## Work request
Leaving all pictures out, output exactly and only the line containing "Candy Chromatography - Sick Science! #178" and the lines that follow it to the end of the material below.

** Opening Given material block **

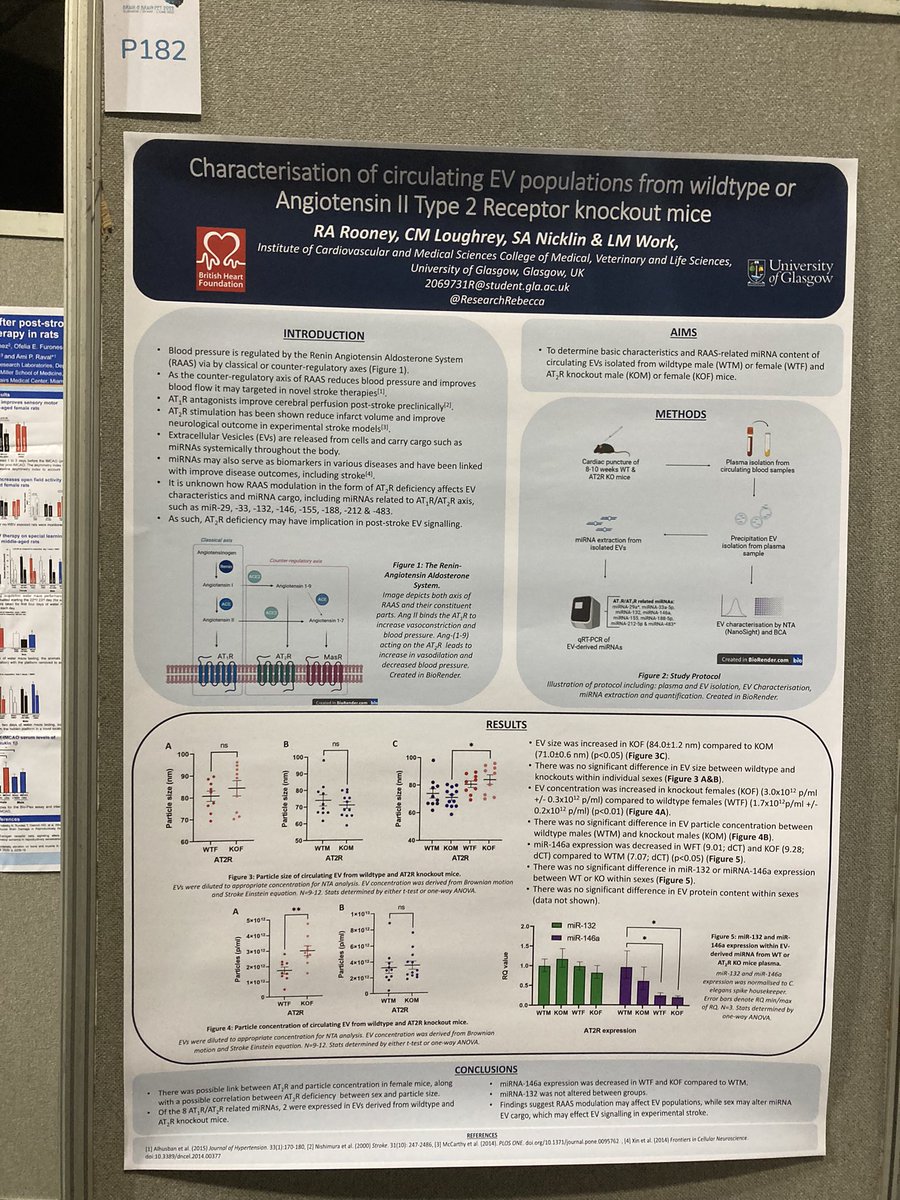 Work Research group (@teamworkstroke) on Twitter photo Please do come visit poster P126 to see <a href="/ZachBlaikie/">Zach Blaikie</a> work on cerebral consequences of #NOX5 overexpression & P182 for @ResearchRebecca poster on characterising #EVs in AT2R knockout mice. They’d love to talk to you about their #PhD 🤩 #BRAIN2022 Please do come visit poster P126 to see <a href="/ZachBlaikie/">Zach Blaikie</a> work on cerebral consequences of #NOX5 overexpression & P182 for @ResearchRebecca poster on characterising #EVs in AT2R knockout mice. They’d love to talk to you about their #PhD 🤩 #BRAIN2022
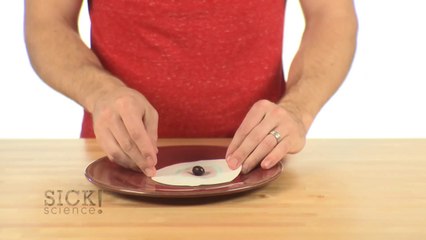 Candy Chromatography - Sick Science! #178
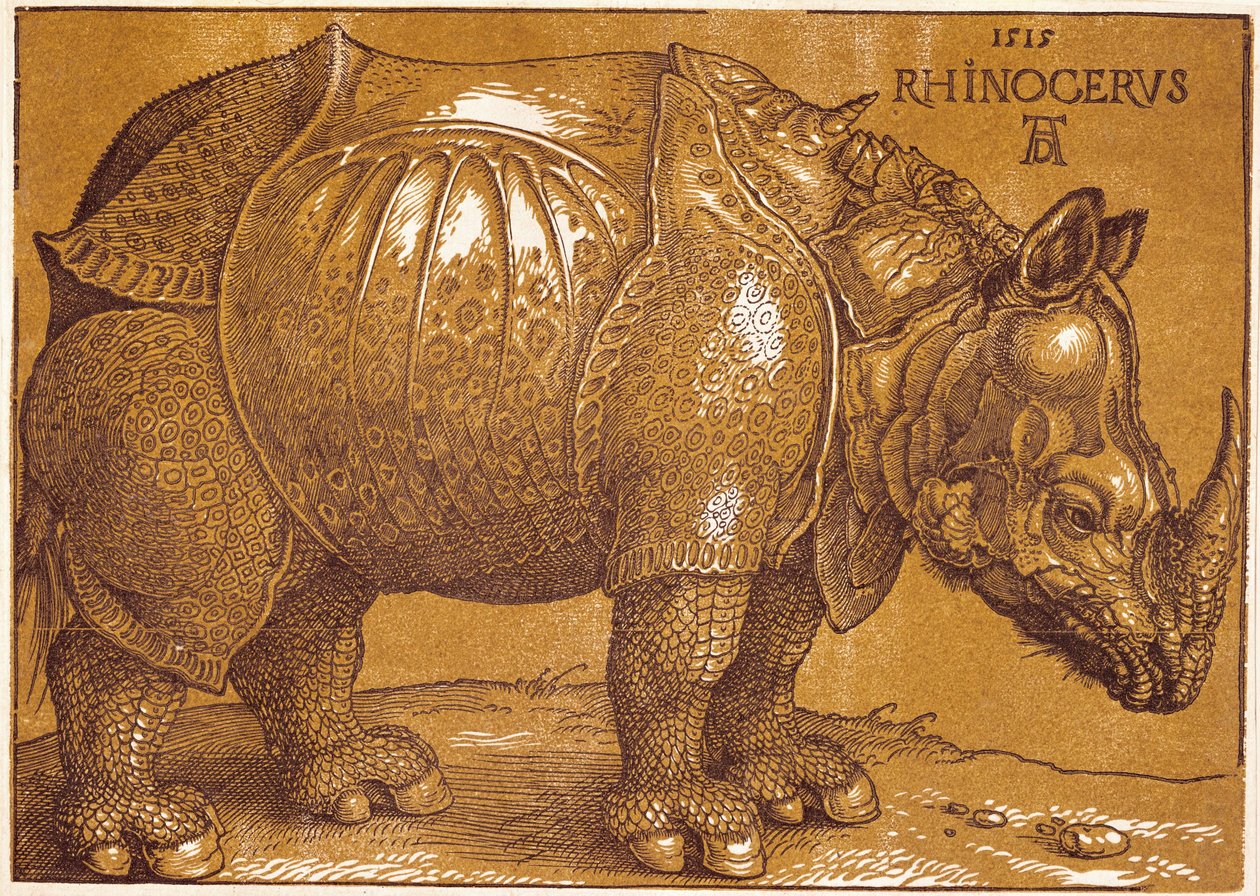 Sarvikuono tekijältä Albrecht Dürer or Duerer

** Closing Given material block **

## Answer space
 Candy Chromatography - Sick Science! #178
 Sarvikuono tekijältä Albrecht Dürer or Duerer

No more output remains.